Tuesday, October 8, 2013

Orange (part 1)

Baru saja hendak kupejamkan mata--setelah seharian ini melakukan pekerjaan rumah; menyapu, mengepel, mencuci baju, mencuci piring, memasak, merapikan kamarku dari segala buku yang berserakan, serta mengumpulkan segala kenangan yang mungkin sebaiknya kuenyahkan saja--Bunda memanggilku dari depan kamar sambil memegang sebuah jeruk yang tampaknya hendak dimakannya.

"Dinda...." panggilnya.
"Ya, Bunda. Ada apa?" sahutku seraya menghampirinya dengan langkah gontai.
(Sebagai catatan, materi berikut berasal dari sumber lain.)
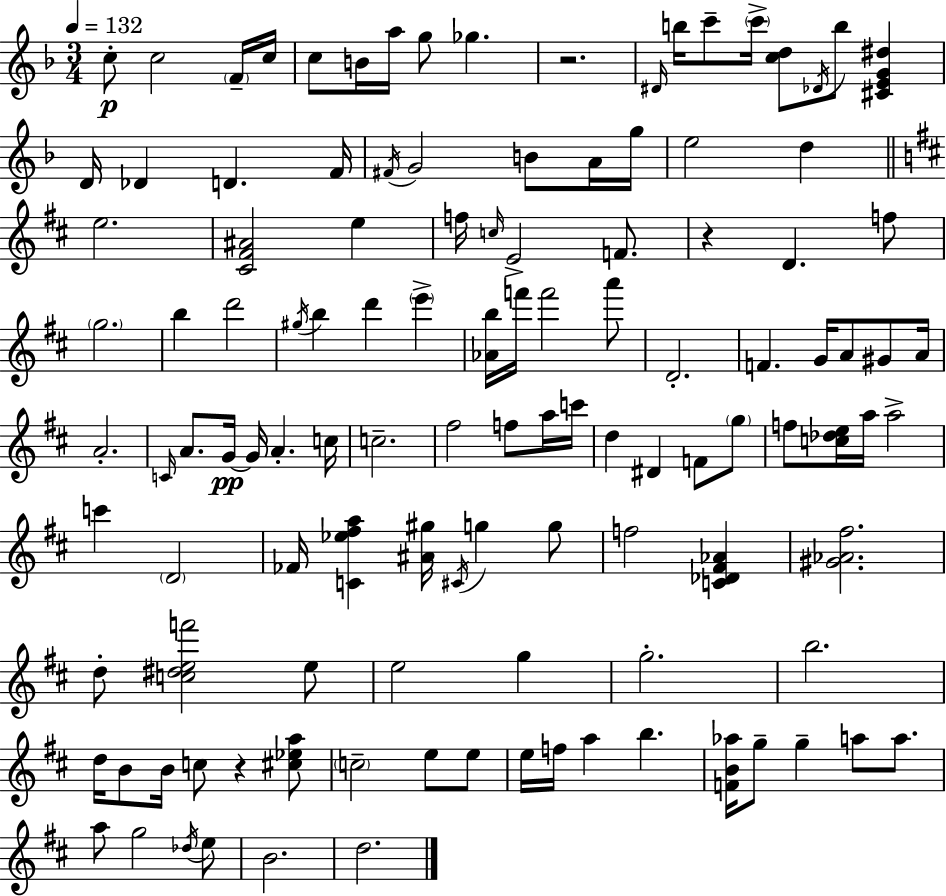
C5/e C5/h F4/s C5/s C5/e B4/s A5/s G5/e Gb5/q. R/h. D#4/s B5/s C6/e C6/s [C5,D5]/e Db4/s B5/e [C#4,E4,G4,D#5]/q D4/s Db4/q D4/q. F4/s F#4/s G4/h B4/e A4/s G5/s E5/h D5/q E5/h. [C#4,F#4,A#4]/h E5/q F5/s C5/s E4/h F4/e. R/q D4/q. F5/e G5/h. B5/q D6/h G#5/s B5/q D6/q E6/q [Ab4,B5]/s F6/s F6/h A6/e D4/h. F4/q. G4/s A4/e G#4/e A4/s A4/h. C4/s A4/e. G4/s G4/s A4/q. C5/s C5/h. F#5/h F5/e A5/s C6/s D5/q D#4/q F4/e G5/e F5/e [C5,Db5,E5]/s A5/s A5/h C6/q D4/h FES4/s [C4,Eb5,F#5,A5]/q [A#4,G#5]/s C#4/s G5/q G5/e F5/h [C4,Db4,F#4,Ab4]/q [G#4,Ab4,F#5]/h. D5/e [C5,D#5,E5,F6]/h E5/e E5/h G5/q G5/h. B5/h. D5/s B4/e B4/s C5/e R/q [C#5,Eb5,A5]/e C5/h E5/e E5/e E5/s F5/s A5/q B5/q. [F4,B4,Ab5]/s G5/e G5/q A5/e A5/e. A5/e G5/h Db5/s E5/e B4/h. D5/h.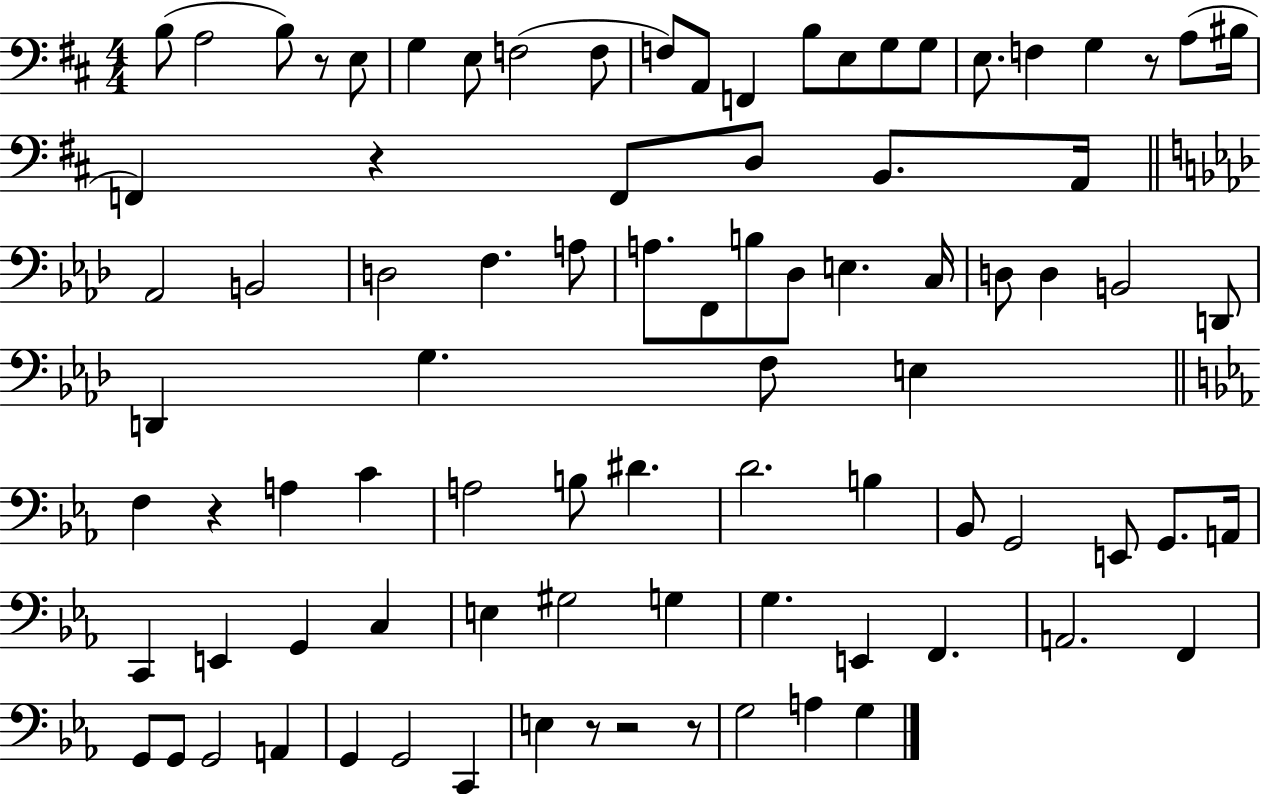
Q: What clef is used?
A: bass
Jujur saja, aku sangat lelah hari ini karena semua pekerjaan rumah tangga kutangani. Memang, Bunda tak menyuruhnya, ini inisiatifku sendiri. Mengapa demikian? Karena mulai hari ini hingga tiga hari ke depan aku cuti. Beberapa hari sebelumnya aku berjanji akan mengambil cuti untuk menghabiskan waktu untuk keluarga; berkumpul bersama ayah, bunda, kak Alya, dan adikku, Raka sekaligus merupakan "jatahku" atau tepatnya membayar "utang" kepada Bunda untuk meng-handle pekerjaan rumah. Maklum, sejak dua hari lalu sampai besok kak Alya baru pulang dari tugas liputannya di Minahasa.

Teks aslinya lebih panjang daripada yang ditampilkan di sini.